Shlomi Eldar: I must say that I thought I’d be cursed more. I was called “Israel hater” and so on, but I’m surprised by the low number of negative responses.

How did you feel when Israel’s Minister of Culture and Sport, Miri Regev, said that “this is a film about the identity and sense of belonging of a person who left Israel yet chooses to teach us values”?

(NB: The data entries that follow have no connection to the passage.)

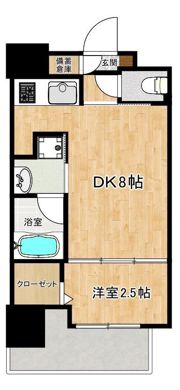 ロータス武之橋の間取り画像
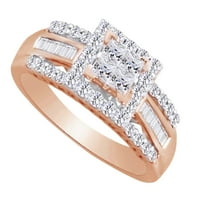 MULTI SHAPL bijeli prirodni dijamantni zaručni prsten u 10K ružin zlatni prsten veličine-9,5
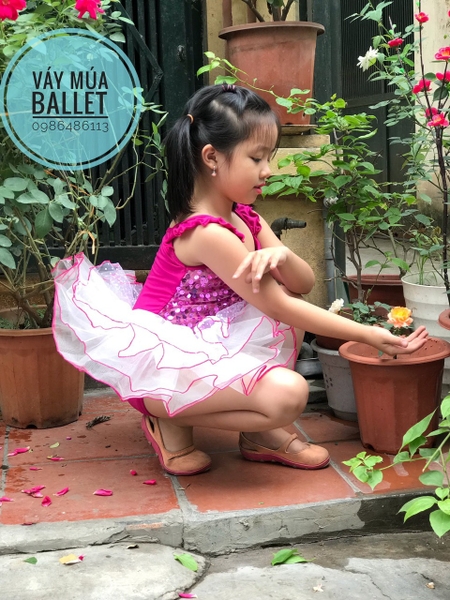 Váy múa kimsa 2 dây 5 tầng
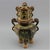 Asian Tea-Dust Glazed Tripod Incense Burner With Pierced Lid For Sale - Image 3 of 5
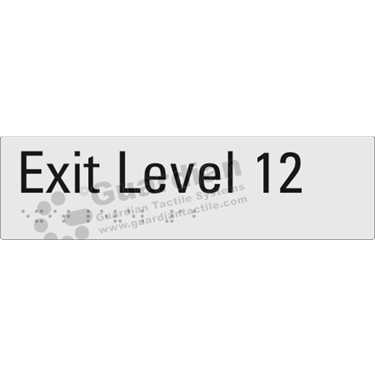 Product photo: Exit Level 12 in Silver (180x50mm) [GBS-02EXIT12-SV-NB]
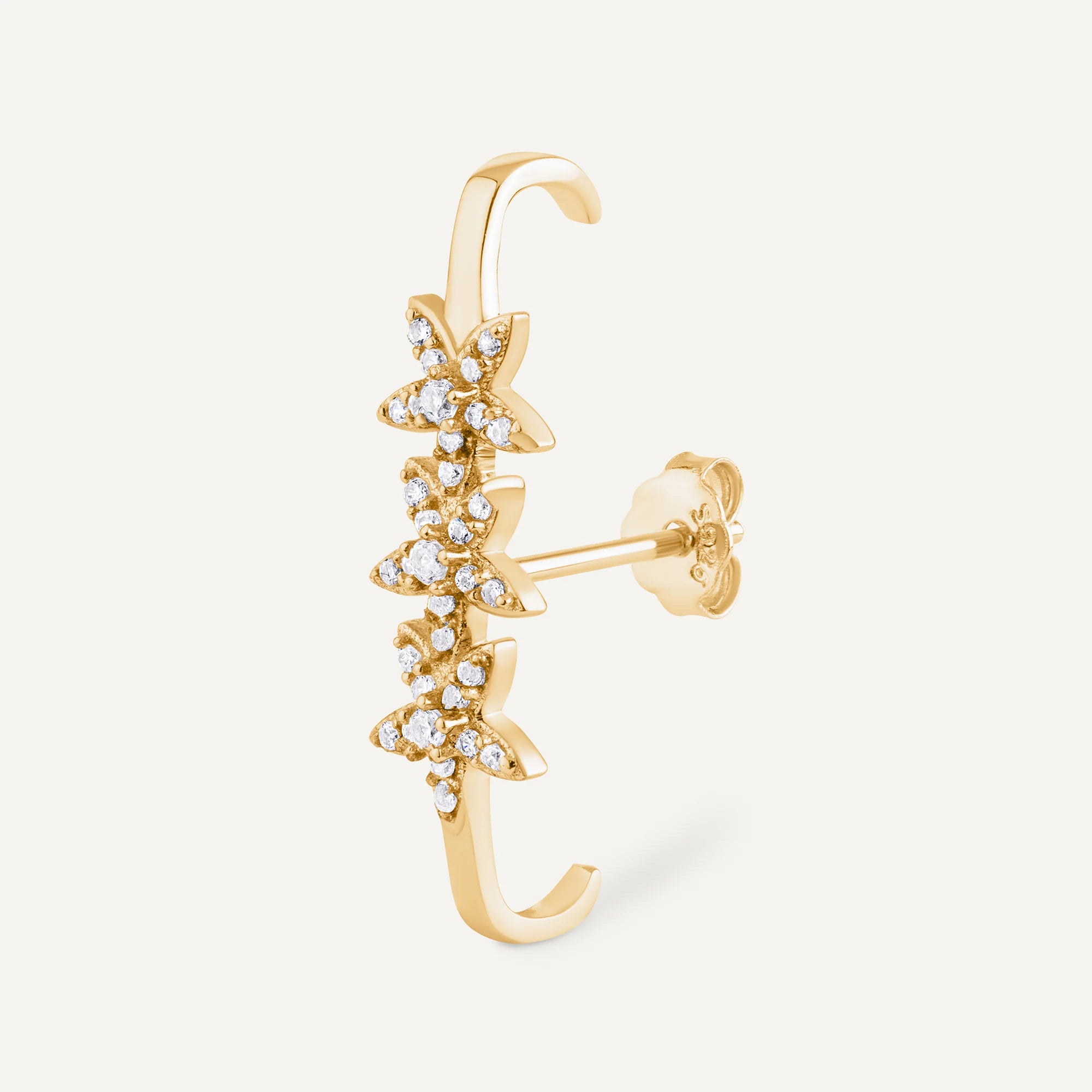 Boucle d'oreille Séville doré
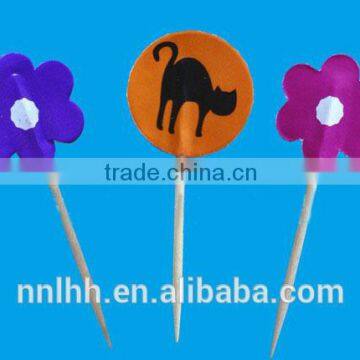 High Quality Wooden Decorative Toothpicks Christmas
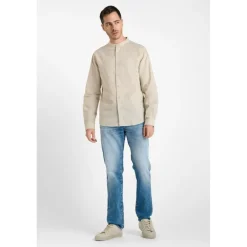 Chemise RELIS beige Luke en coton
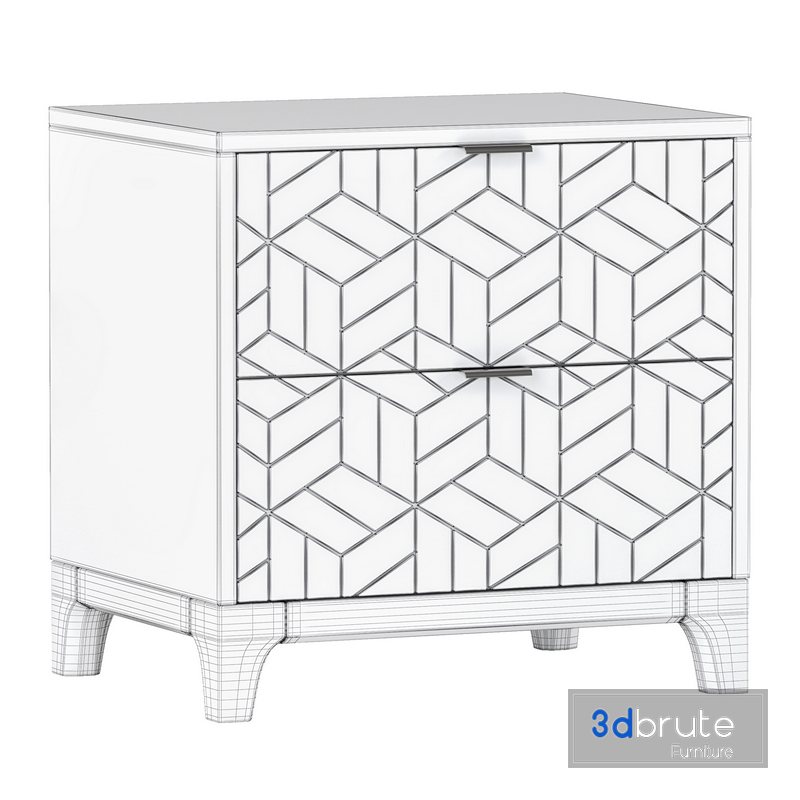 CASE Bedside 3d model Buy Download 3dbrute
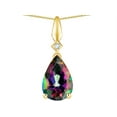thumbnail image 2 of Star K� Rainbow Mystic Topaz Drop Pear Shaped Pendant Necklace, 2 of 9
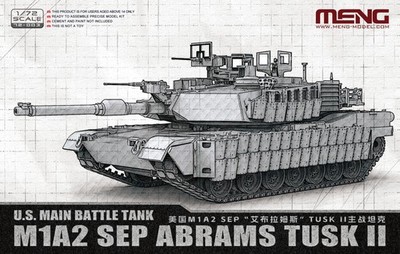 MENG 72-003 1/72 U.S.Main Battle Tank M1A2 SEP Abrams TUSK II Assemble model kit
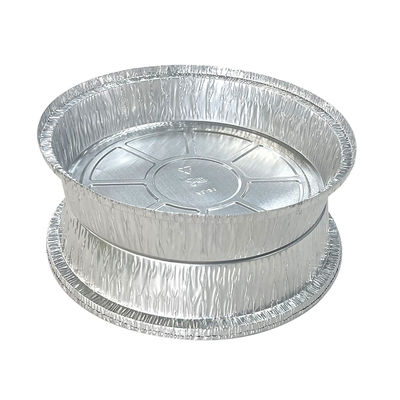 9 pouces rondes en feuille de pizza casserole contenant en feuille d'aluminium plateau pour la torréfaction des aliments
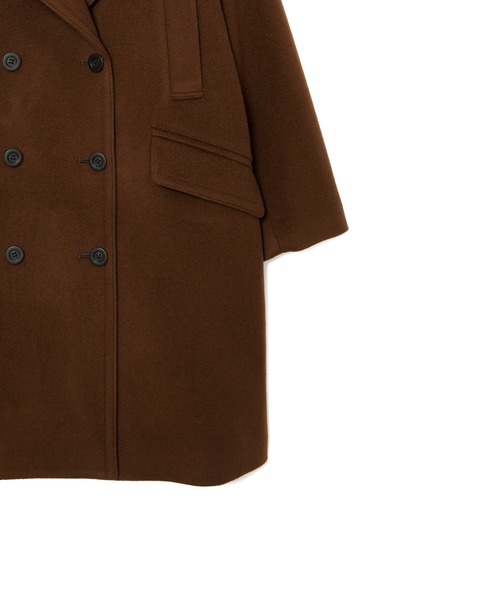 「AMERICAN RAG CIE」 ピーコート 38 ネイビー レディース_画像6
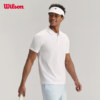 Wilson Official Summer Men's Sports Fly-Knit Technology Skin-Friendly Soft Tennis Knit Short-Sleeve Polo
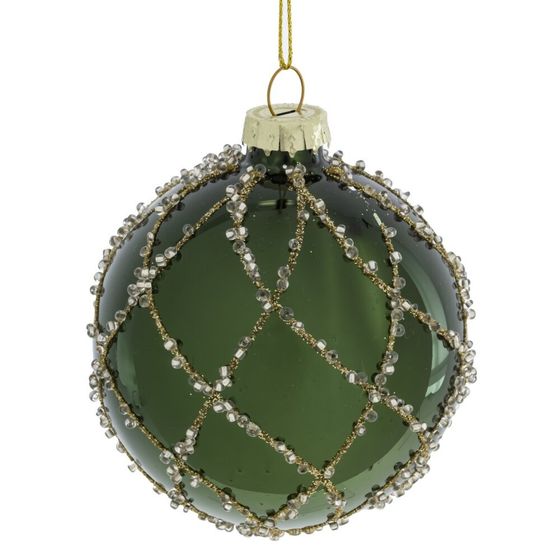 Набор из 12шт Украшение новогоднее &quot;Шар&quot;, D 8 см, L35 W25 H8,5 см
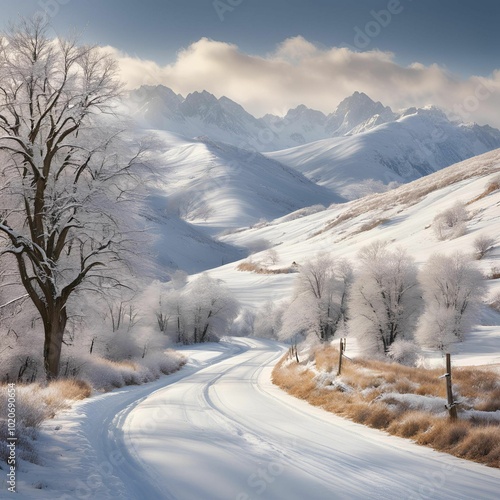 road in the mountains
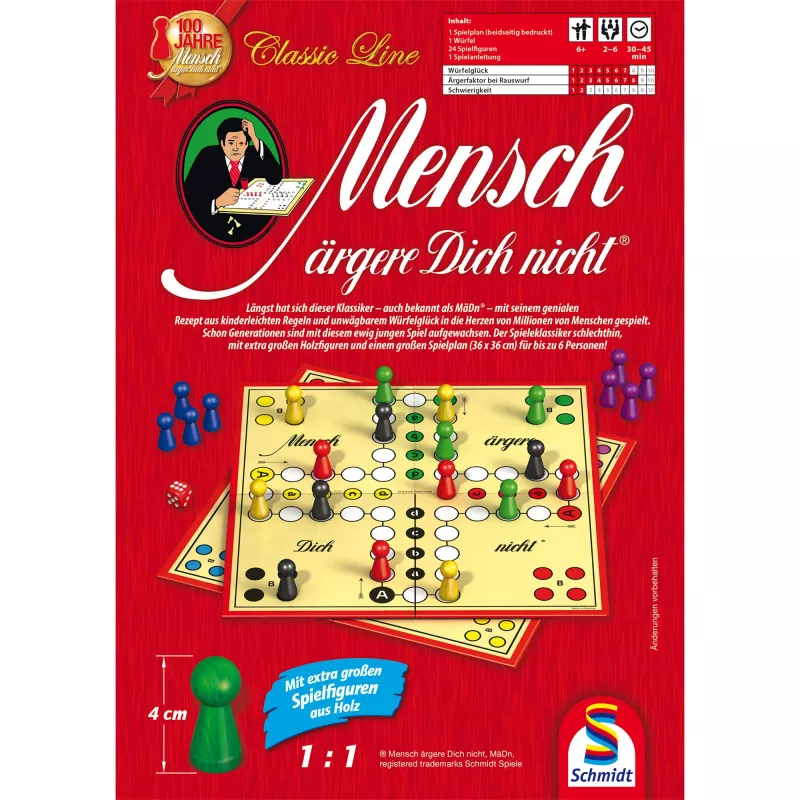 Classic Line: Ludo in Metalldose, Brettspiel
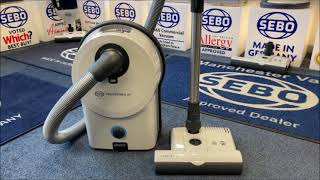 The Sebo Professional D9 Vacuum Cleaner And How It Compares to the Sebo D8 [upl. by Airalav]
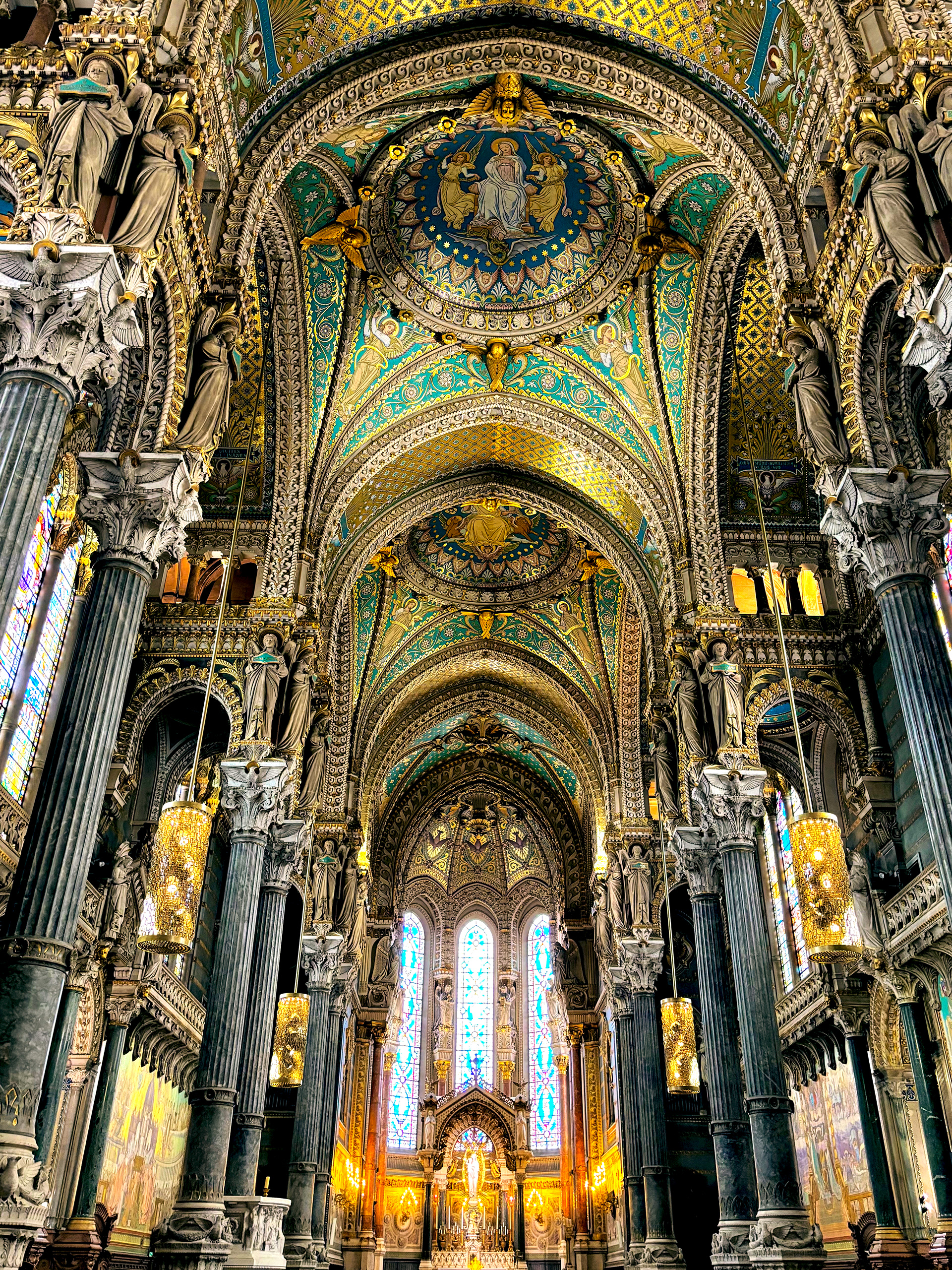 Basilique Notre Dame de Fourvière – Lyon, Rhône Alpes, France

I think that the question today is not only “who is a Jew?” but “who is an Israeli?” Is the definition of an Israeli only someone who currently lives in Israel, or someone who was born in Israel, is an Israeli citizen and loves Israel, even though they don’t live there now? When Sheldon Adelson’s wife donates tens or hundreds of millions of dollars in Sheldon’s name, no one ponders her “Israeliness” or “Jewishness,” but when it’s convenient others are allowed to be harassed. When Israeli government ministers come to the IAC in the USA, to talk to those who feel Israeli and promote Israel, that’s fine. However, when one’s view doesn’t fit the right-wing agenda, suddenly they’re told that they have no right to criticize Israel.”

Shlomi Eldar
Shlomi Eldar

The film doesn’t mention the backstory leading to the increasing alienation and hostility toward Israeli Arabs that is the result of Israel being targeted by missiles and terror attacks. I’m not justifying this animosity — nothing can justify a situation where an Arab Israeli boy hands over his ID card to a policeman and is then severely beaten — but if someone who watches this film is unfamiliar with the Arab-Israeli conflict, this complexity is not brought to their attention.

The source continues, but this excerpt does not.